The approach Salvino took at Accenture and is replicating at DXC is contrarian to the perceived industry wisdom on which most service providers still rely. That perceived wisdom is what I described in prior blogs as a “harvester” strategy for their business. This mindset is present in services for legacy estates; it focuses on taking out costs quickly and minimizing investment in services. This operational mindset affects the services clients can expect.
In contrast, Salvino takes an “investor” approach in how DXC transformed its services. In addition to providing cloud and digital services, DXC saw a need in the market for services for managing mission-critical technology that is too risky to move to the cloud because it first needs to be transformed. Transforming legacy applications can take years because the applications need to evolve over time to align with operational changes. Those applications have tentacles that touch hundreds of other applications and manage core operational data; therefore, companies still need to access their data in those legacy applications.
An “investor” service provider, such as DXC, invests in legacy capabilities, as well as attracting, nurturing, and rewarding talent. It takes the view that many applications will persist in their legacy state for many years, and some may never transition to the cloud.
A key component of transforming DXC’s services using an investor approach was for Salvino to bring in a new leadership team of executives, many of whom he had worked with at other firms. He also put out the “fire” of low employee morale by implementing a “people-first” strategy. As a result, employee engagement increased 16% from 2019 through 2021. The firm won several awards in categories such as best place to work or best employer.

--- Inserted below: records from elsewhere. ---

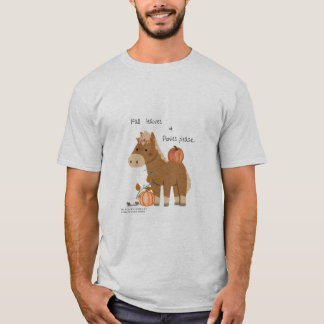 Herfstbladeren & pony's graag T-shirt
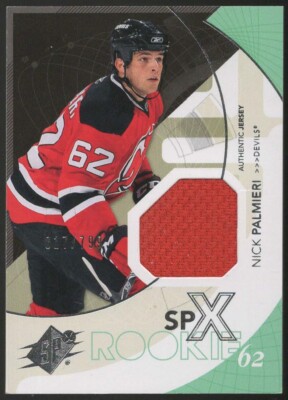 2010/11 Upper Deck SPX NICK PALMIERI ''ROOKIE SPX'' Relic RC Rookie Card #017/799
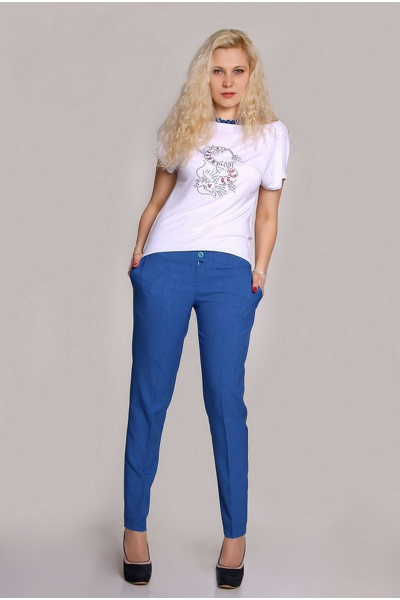 Брюки и майка круглый год классический комплект из ткани Irena Star 236 - фото 1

I watched as challenges for Salvino and DXC came from many fronts since 2019. Salvino also faced the challenge of how to pay for the firm’s transformation and creation of the new “investor” thesis. He divested two businesses to restructure DXC’s debt, which also gave him the funds to resolve shareholder issues and fund the transformation. He also managed through an unsolicited takeover attempt by a competitor – all while modernizing the firm’s capabilities and offerings and delivering services to clients going that were going through their own digital transformation.
By the end of 2022, DXC will have completed its initiatives to shift from its harvester posture to an investor posture. The focus now is to nurture existing clients, helping them extend the life of their legacy estates while using this position of relevance to lean in on other growth opportunities.
This contrarian position still carries risk for DXC. There is little doubt that there is substantial industry momentum to modernize workloads and migrate as much as possible into the cloud and that this momentum hangs like Damocles’ sword over firms like DXC with a large portfolio of legacy work.
That said, it is also apparent that not all workloads will migrate quickly and that all workloads that don’t migrate will need ongoing investment. It is also likely that a firm such as DXC that takes up the mantle of the “investor” approach to services will be rewarded with other growth opportunities as it leverages its specific client relationship and knowledge.
Salvino’s “investor” bet appears to be paying off as there is no question that DXC is in a better place than it was before he became CEO. His next step is to get DXC to consistently grow; and for the sake of its clients and the broader industry, we wish the firm well. We will continue monitoring the firm’s progress. Time will tell how bright a place in the sun DXC’s strategies will create. But there is no doubt that DXC, its clients, investors, and the broader services industry will be better off with an “investor” firm in the marketplace.